Rattay, keen on becoming a high school football coach after college, is hardly worried about whether his future includes the NFL. He's just thrilled to be playing. In high school he didn't start at quarterback until his senior year. College recruiters ignored him even though at Phoenix Christian High in 1994 he passed for an Arizona-state-record 40 touchdowns, seven of them in one game.
Without a scholarship, he enrolled at nearby Scottsdale Community College, home of the Artichokes and the same school where quarterback Joe Germaine of Ohio State had played the year before. Rattay beat out seven other contenders for the starting job. "I don't know how I got it," he says. "I was probably the smallest and the weakest of the bunch. They were classic NFL types, 6'4" and 240, with big arms."
"Tim was never the sort of athlete who just jumped out at you, but neither was Joe Montana," says Tim's father, Jim, coach at Desert Vista High in Phoenix. "Even when Tim was playing Pop Warner, the coaches were putting bigger and stronger kids ahead of him. He'd start at tight end or someplace, but eventually he would take over and be the quarterback, and he always won for you."

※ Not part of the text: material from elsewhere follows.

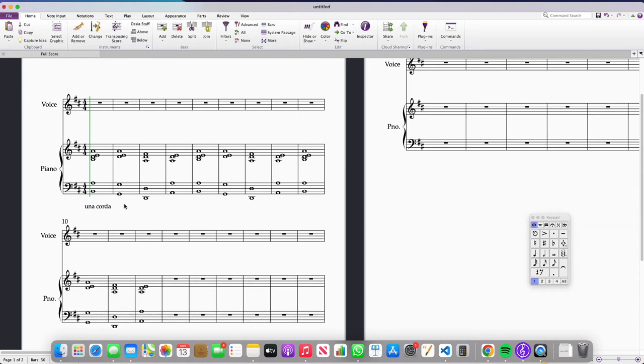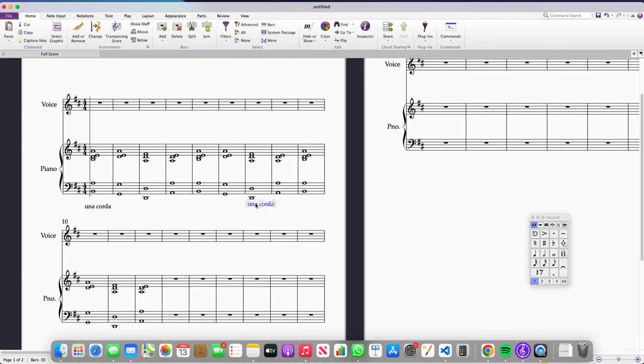So, I'll just do that again. I'll pop in the marking, maybe I'll pop it in here and I'm going to press Command T again, type in Una Chorda and drag it down to the bottom.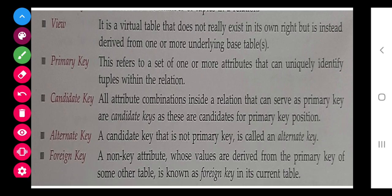A view is a virtual table that does not really exist. For example, if you want to see only the employee names from an employee table, that is a view — it is not an actual table. When we use a SELECT statement and particular columns come, that is just a view. Primary key uniquely identifies a record. A candidate key is any key that can be used as a primary key. An alternate key is any candidate key not used as the primary key. A foreign key is one whose values are derived from the primary key of another table.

In 1995, as a freshman at Scottsdale, Rattay led junior college quarterbacks in passing yards with 3,526 and touchdown passes with 28. He also threw 18 interceptions, which explains in part why no school but Louisiana Tech made him an offer. "I watched Tim on film, and he had no pass protection," says Crowton, who was the Bulldogs' offensive coordinator at the time. "Every time he threw the ball he'd get crushed. They'd hit him so hard you wondered how he could take it, then he'd pop up and complete another pass. I thought, This kid is tough. Then I visited another school, Mesa Community College, which had played against him, and the players there told me they were taking bets on the sideline to see which of them was going to mock him out of the game, because they were pounding him every play."
Crowton called Rattay at home and left a message on his answering machine identifying himself as an assistant at Louisiana Tech, where Terry Bradshaw had played. 'I'd never heard of Tech, and I'd never heard of Ruston," Rattay says. "I didn't even know the school was in Division I-A."

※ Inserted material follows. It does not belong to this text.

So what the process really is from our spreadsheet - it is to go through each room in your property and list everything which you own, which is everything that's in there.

Rattay flew out for a visit and quickly became enchanted. The people of Ruston [pop. 20,000) were as friendly as any he'd over met, the cuisine was better than any he'd ever eaten, and the way the girls spoke with a delicate Southern drawl...well, to his way of thinking, they couldn't have been more appealing. Everywhere you looked there were pine trees and red dirt. And come dinnertime, people really liked their peas. "I never knew there were so many kinds of peas and so many ways to eat them," Rattay says. "In Arizona I was used to just green peas. Here they have have black-eyed peas and all these other peas. I don't know if that counts as a cultural difference, but it certainly was new for me, and I liked it."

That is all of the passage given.